Dr. Mohammadien reported that all patients had at least one comorbidity. The most common comorbidities were cardiovascular diseases (85%), diabetes (35%), dyslipidemia (23%), osteopenia (11%), anemia (10%), muscle wasting (9%), pneumonia (7%), osteoporosis (6%), GERD (2%), and lung cancer (2%). He also noted that the association between cardiovascular events, dyslipidemia, diabetes, osteoporosis, muscle wasting, and anemia was highly significant in COPD patients aged 60 years and older, in men, and in patients with stage III and IV COPD. In addition, a significant relationship was observed between a positive CRP level and each comorbidity, with the exception of gastroesophageal reflux disease and lung cancer. The three comorbidities with the greatest significance were ischemic heart disease (P = .0001), dyslipidemia (P = .0001), and pneumonia (P = .0003). Finally, frequent exacerbators were significantly more likely to have two or more comorbidities (odds ratio 2; P = .04) and to have more hospitalizations in the past year (P less than .01).

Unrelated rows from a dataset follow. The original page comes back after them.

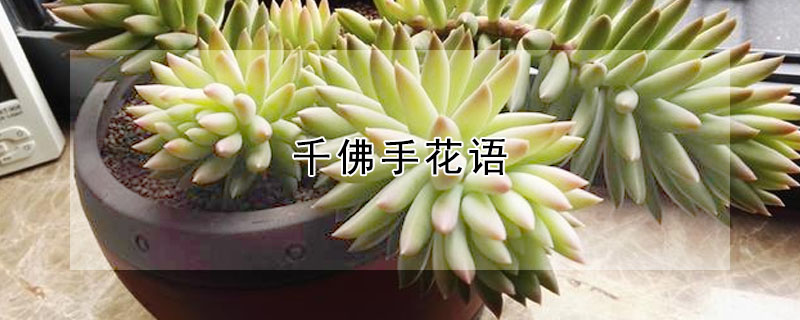 ǧֻǧЩԢ⣿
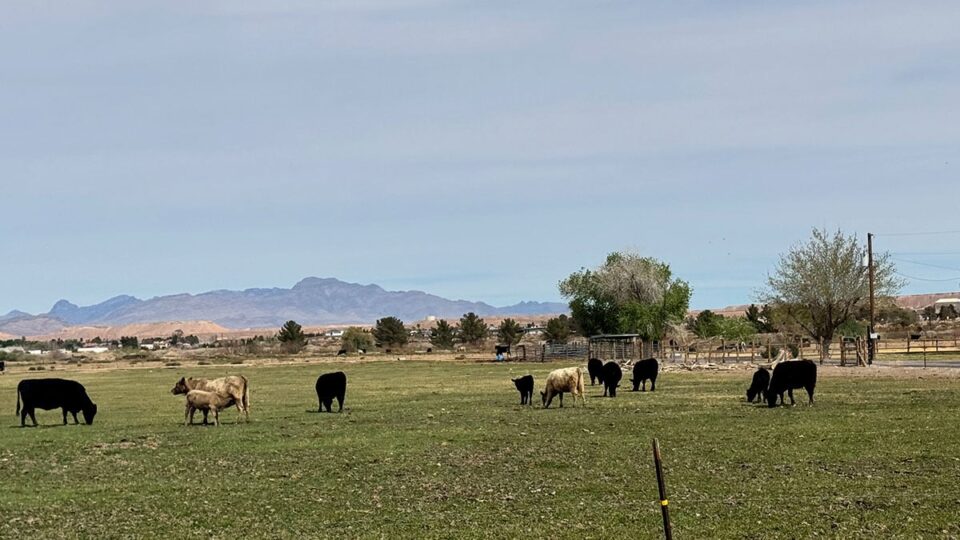 Cattle Farm in Overton, NV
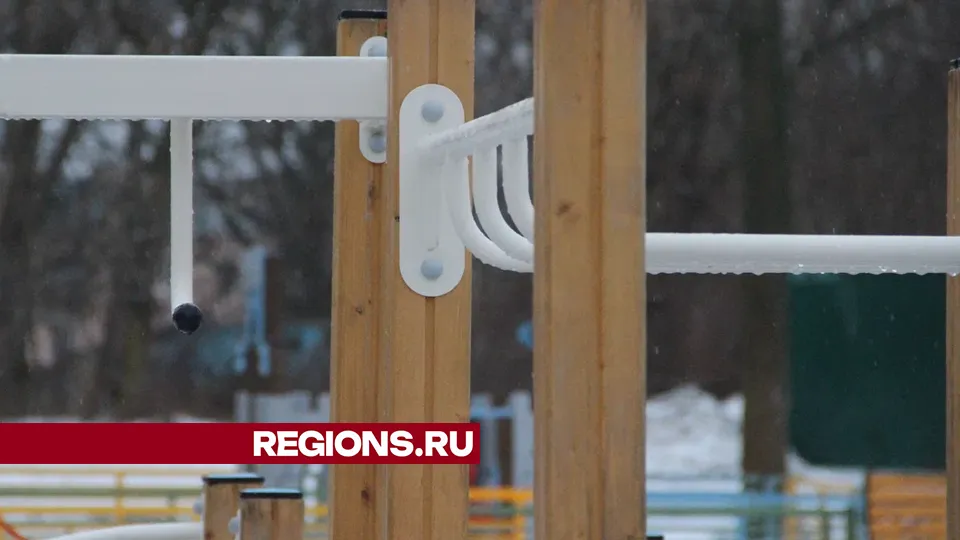 Фото: REGIONS/Василий Тремасов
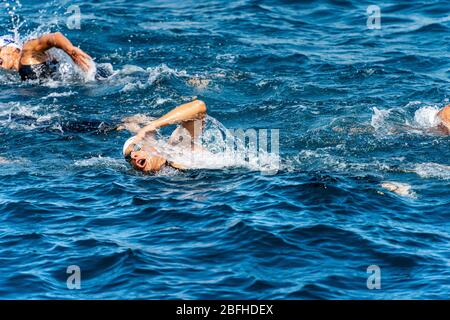 Compétition de natation dans la mer Méditerranée (Trofeo del Gro), en face de l'ancien village de Tellaro, Ligurie, Italie, Europe Banque D'Images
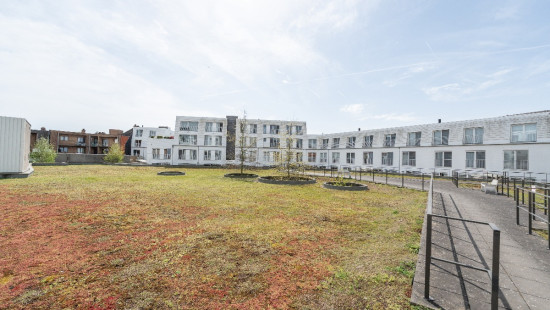 Zelestraat - 7 - 0301 - 9160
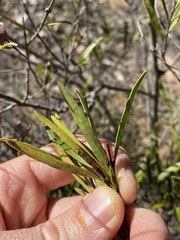 Notelaea linearis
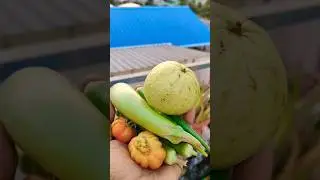 പഴുത്ത പേരയ്ക്ക ഇഷ്ടം 🥰🥰 #garden #shorts #gardening #trendingshorts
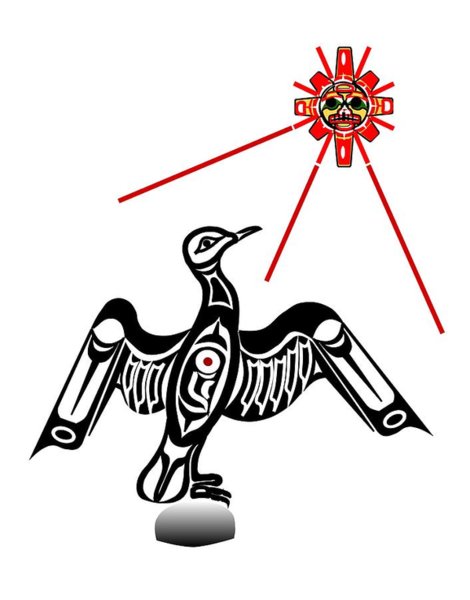 470x600 cormorant drawings fine art america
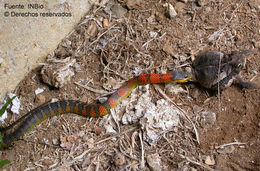 <i>Liophis epinephalus</i> Cope 1862 resmi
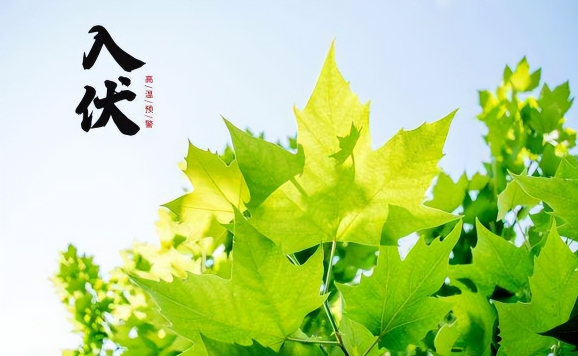 2023年几月几号几点几分入伏 2023年入伏是什么时候哪一天开始-小麦知识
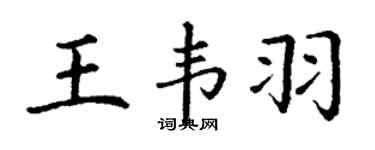 丁谦王韦羽楷书个性签名怎么写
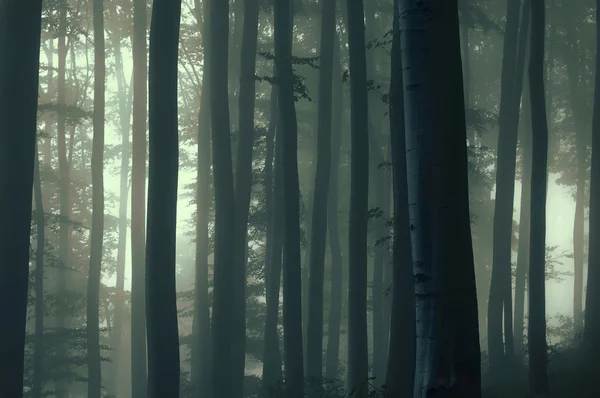 Krajobraz ciemnego lasu drzew koryta światła i mgła — Zdjęcie stockowe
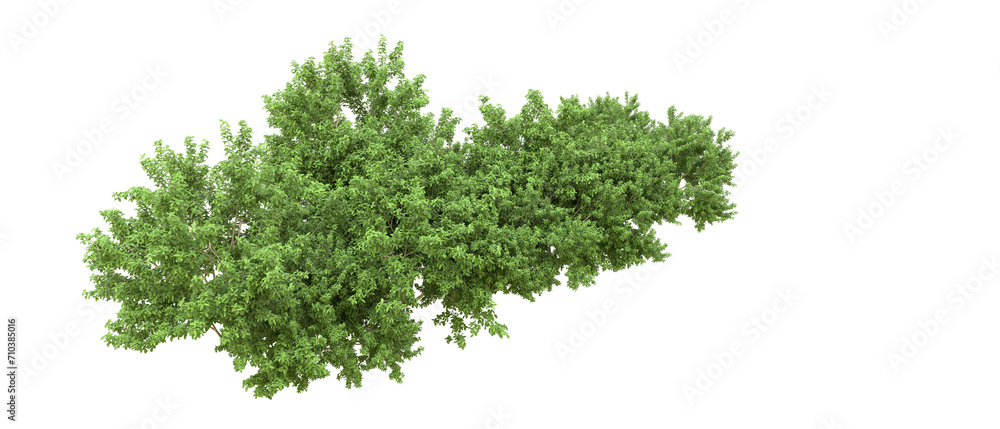 Green forest isolated on background. 3d rendering - illustration Green forest isolated on background. 3d rendering - illustration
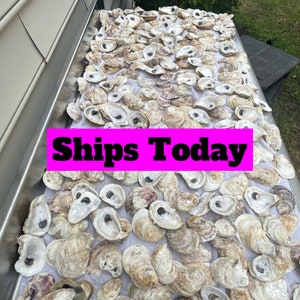 Premium Large Oyster Shells for Fun Crafts and Decor. No Holes/Cracks,  Non-Sharp, Odor Free, Round Shells . (No Sanding/Polishing/Painting) (3-  5 Length) (Assorted - 30PCS) 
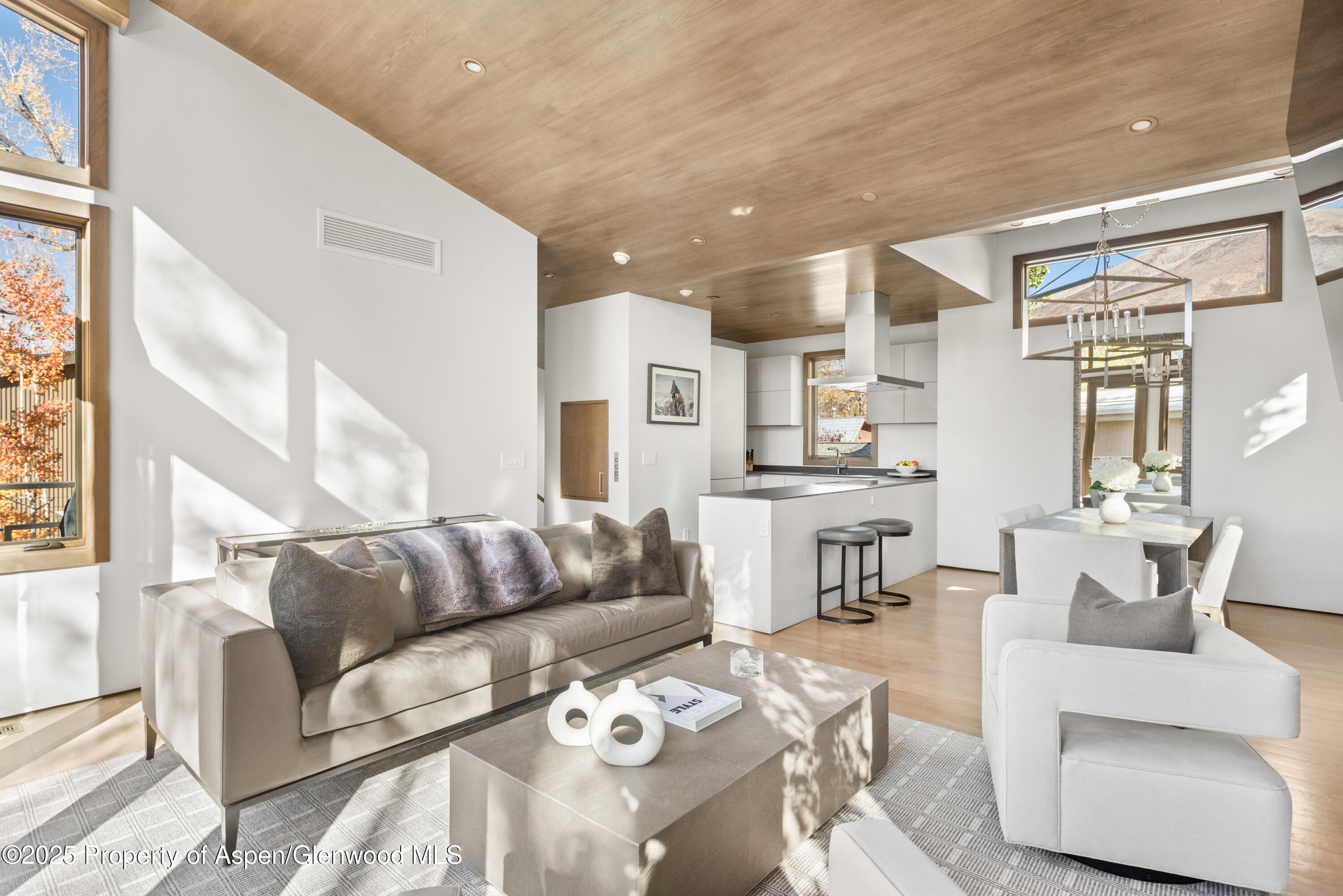 522 Spruce Street Aspen, CO 81611 - Photo 5 of 26 Open Concept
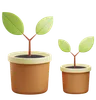 Plant pot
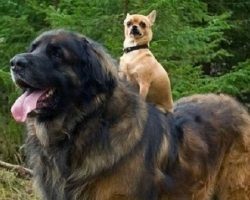 7 Pictures That Prove That the Bigger the Doggy… the Better!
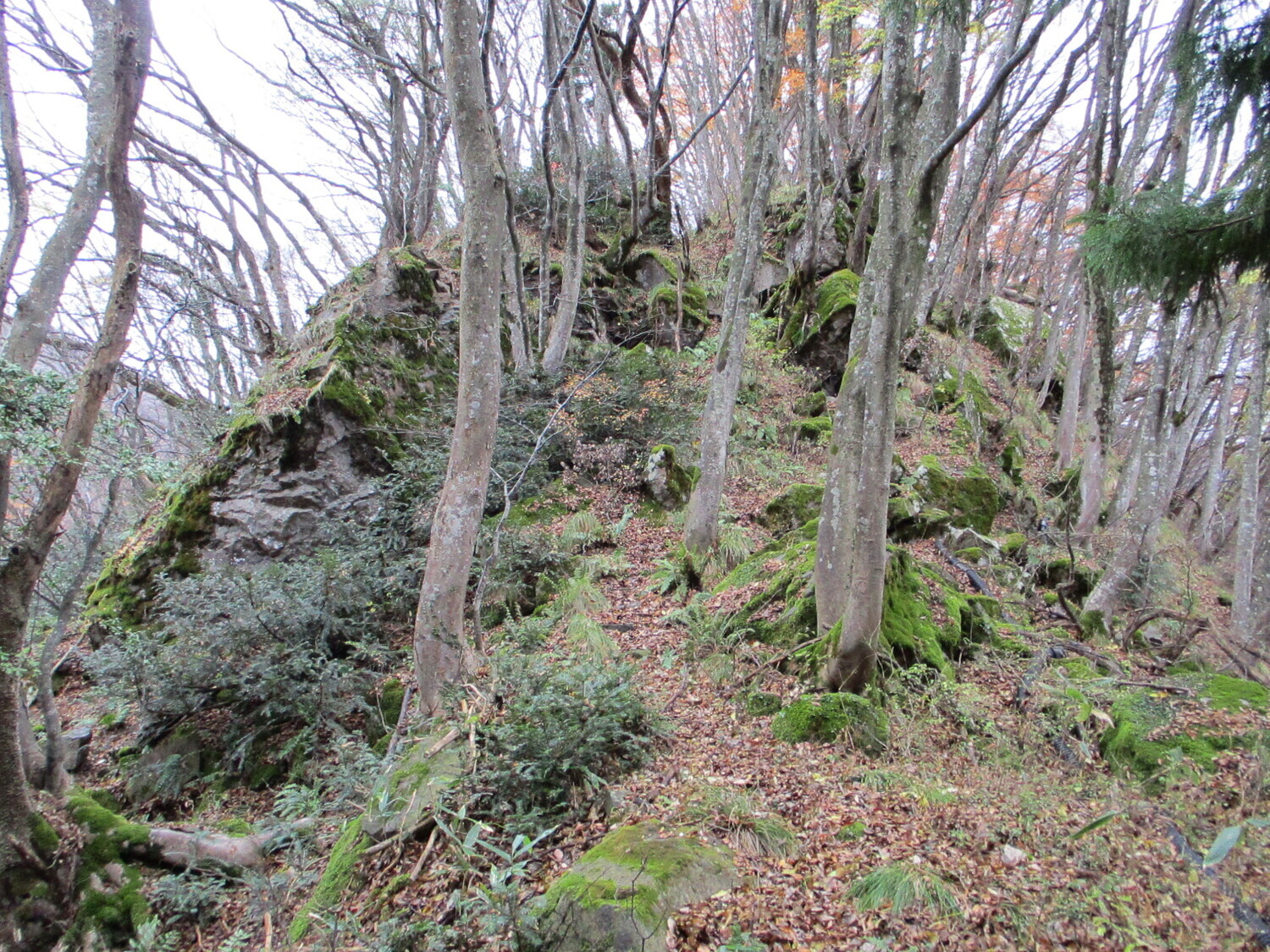 Kurumajou (1).JPG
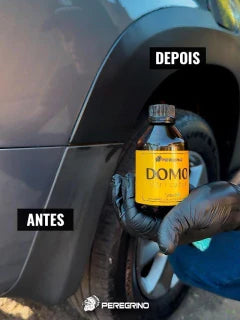 🛡️ Domo Vitrificador – Proteção para Plásticos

“Comorbidities are common in patients with COPD, and have a significant impact on health status and prognosis, thus justifying the need for a comprehensive and integrating therapeutic approach,” Dr. Mohammadien said at the meeting. “In the management of COPD all these conditions need to be carefully evaluated and treated.”
He acknowledged certain limitations of the study, including its relatively small sample size and the fact that bone density was measured by sonar and not by dual-energy x-ray absorptiometry. Dr. Mohammadien reported having no financial disclosures.
AT CHEST 2016
Key clinical point:
Major finding: The three most common comorbidities in COPD patients were cardiovascular diseases (85%), diabetes (35%), and dyslipidemia (23%).
Data source: A retrospective study of 400 patients with COPD.
Disclosures: Dr. Mohammadien reported having no financial disclosures.